The death of Queen Elizabeth II has elicited wide-ranging reactions worldwide. There was understandable outpouring of grief in the UK and its overseas realms for the loss of a towering and reassuring sovereign.
In some other places, there was oblivious indifference, apparently borne of dwindling familiarity with the British monarchy, which some increasingly consider an archaic and distant institution.
Predictably too, and as happens whenever occasion allows, there was a sharp spike in nationalism in some former colonies, and much venting about colonialism, brutal occupation and the slave trade.
Thanks to the longevity of her reign, Elizabeth was the embodiment of 'queen' essence to most people alive today. I vividly remember my late mother singing to us renditions from her childhood, which she and her pre-independence generation in Nyeri were compelled to sing in praise of Elizabeth and her little prince and princess.
Way into the 21st century, as in most parts of the world, this very queen has continued to shape the impressions of our own little children, looking at them from the 'Q' section of their ABC phonics charts, with her stoic and unperturbed demeanor that somehow evoked a Mona Lisa with a crown.
Spanning disparate generations with undiminishing constancy as she did is no mean feat. Let's say that for Diana the People's Princess, there was, in Elizabeth, a matching Peoples' Queen.
Much more importantly, Queen Elizabeth was the undisputable bedrock and glue which held her nation Britain together as it weathered Brexit, overseas wars and several serious internal storms, albeit as a disinterested arbiter. Indeed, laying aside the touchy matter of historical injustices for a minute, one easily admires this doubtlessly greatest of all monarchs.
Yet the bitter, contrarian voices of which those of South African firebrand politician Julius Malema and his Economic Freedom Fighters party have been loudest, are not without merit. For between 1952 and 1960 during the height of the Mau Mau uprising which happened during Elizabeth's watch, Britain- an avaricious leader in the scramble for Africa- visited untold systematic brutality on native Kenyans in a dark episode well-elucidated by Caroline Elkins in her book 'British Gulag'.
Incredibly, neither the good queen- who ironically ascended to the throne while on a visit here- nor her aristocratic henchmen saw any evil in their unilateral and hegemonic takeover of other people's lands.
To them, all carnages and disenfranchisements meted upon the 'blanket natives' were mere collateral in the course of the latter's necessary cultural and religious reeducation. And of course, all effort was made to justify the colonial project by the British empire to marginalise and place its black and brown subjects in a lower category of condemned races.

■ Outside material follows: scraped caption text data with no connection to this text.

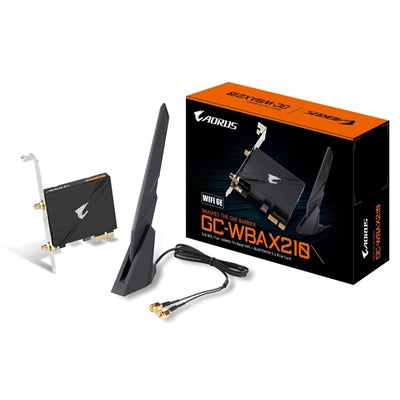 Gigabyte GC-WBAX210 WiFi 6E PCIe Card - Intel AX210 2400Mbps Gigabyte GC-WBAX210 WiFi 6E PCIe Card - Intel AX210 2400Mbps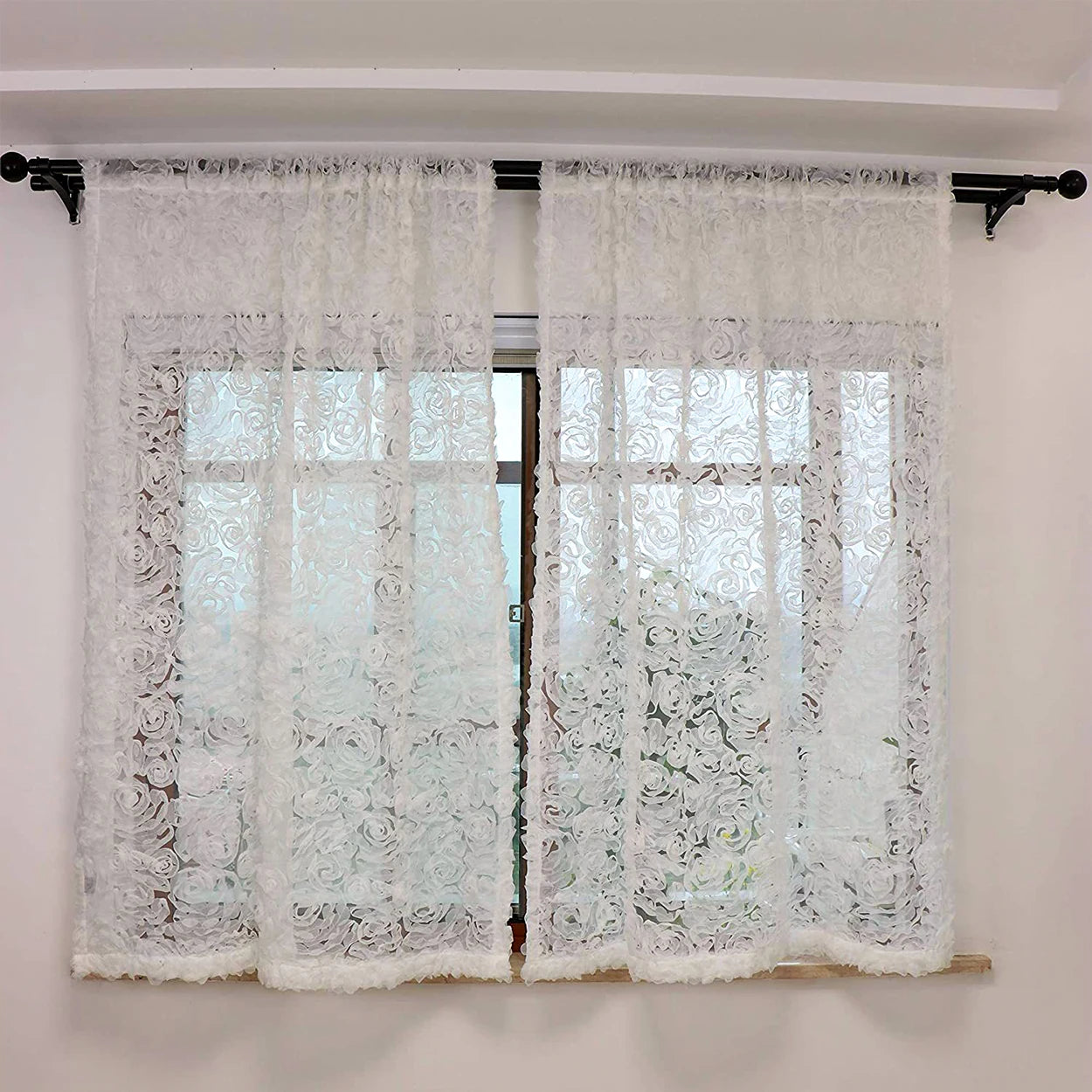 Vorhang - Retro-Rokoko Floral 132x274 cm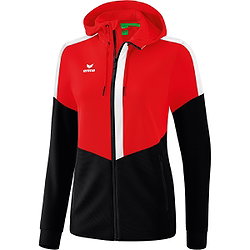 Erima Squad Veste D'entraînement À Capuche Femmes - Rouge / Noir / Blanc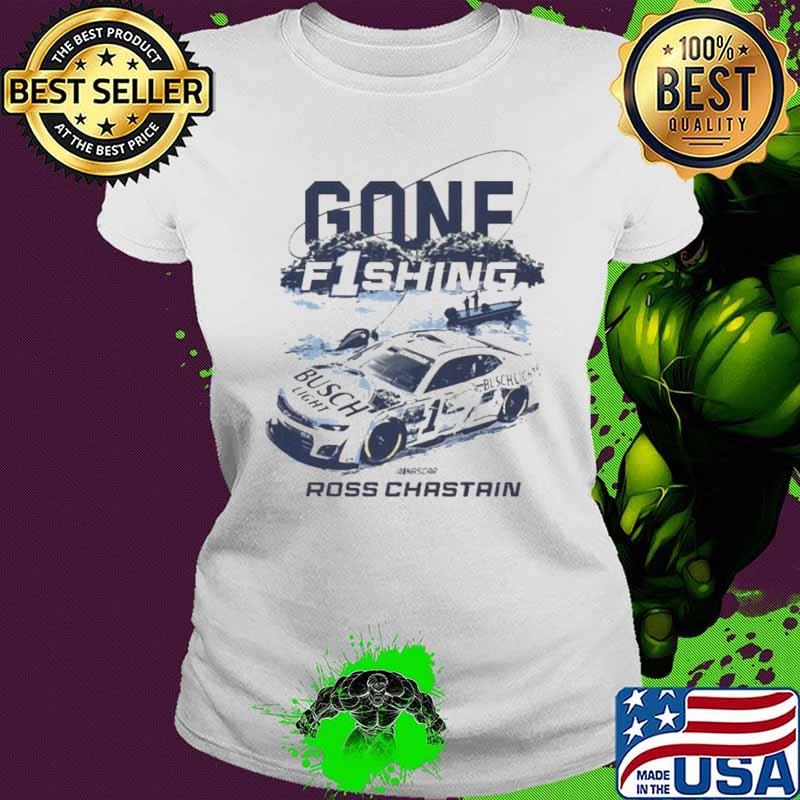 Trackhouse Racing Team Ross Chastain Gone Fishing Busch Light Shirt
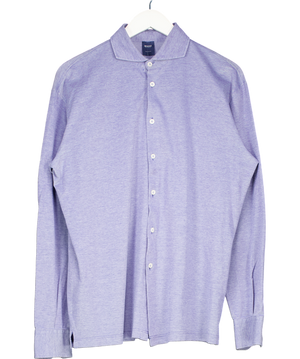 Boggi Blue Cotton Long Sleeve Shirt UK L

Today, many agree that Britain has so far not shown compelling remorse for its rampant past atrocities.
All that notwithstanding, my well-considered opinion is that the familiar tendency by former colonies to apportion all post-independence misfortunes colonies to the master, are disingenuous, and are often anchored on activist disposition than on facts. At any rate, few nations on earth do not have their own history of subjugation.
Starting around 700 BC, for instance, Britain itself was variously colonised, sometimes informally, by Celts, Romans Saxtons, Jutes and others. Up until independence in 1776, the USA was likewise a British Colony. The well-known history of the Jews is among the most tragic.
Their enslavement by ancient Egyptians, rule by Midianites and Philistines, and their tragic deportation to Babylon are well chronicled in the Bible, while the Holocaust in which six million of them were summarily exterminated by Hitler is probably worse than the colonial experience of any other nation.
Stay informed. Subscribe to our newsletter
Similarly, the Chinese lost Hong Kong to British control up to as recently as 1997, enduring a whopping 156 years of thievery of their prime acreage.
What is notable is that the nations enumerated above somehow rebounded from foreign occupation to become the military, economic and political pillars of the modern world.
Therefore, viewed through the prism of a previous era, colonialism and subjugation have a silver lining, and can be said to have been somewhat inevitable rites of passage, bitter tonics by which nations were given stronger and more modern rebirth.
The case of Africa should not be any different. Instead of perennially whining, there is a way in which we can consume our colonial experience to our advantage.
It was indisputably necessary for African communities to interact with the colonialists, ostensibly as a dress rehearsal for later becoming able players in the comity of nations, in a world that was to become inevitably dominated by Western thought, language and political systems.
It is quickly observable that besides Japan, very few nations that did not experience colonialism went on to become outstanding in matters industrialisation.
It would have been marvelous for African countries to remain pristine and unmarred by any colonial hands, wouldn't it?
Yet in a technologically advancing world, the price would have been too steep: we would have been left behind like the 'uncontacted tribes' of Brazil.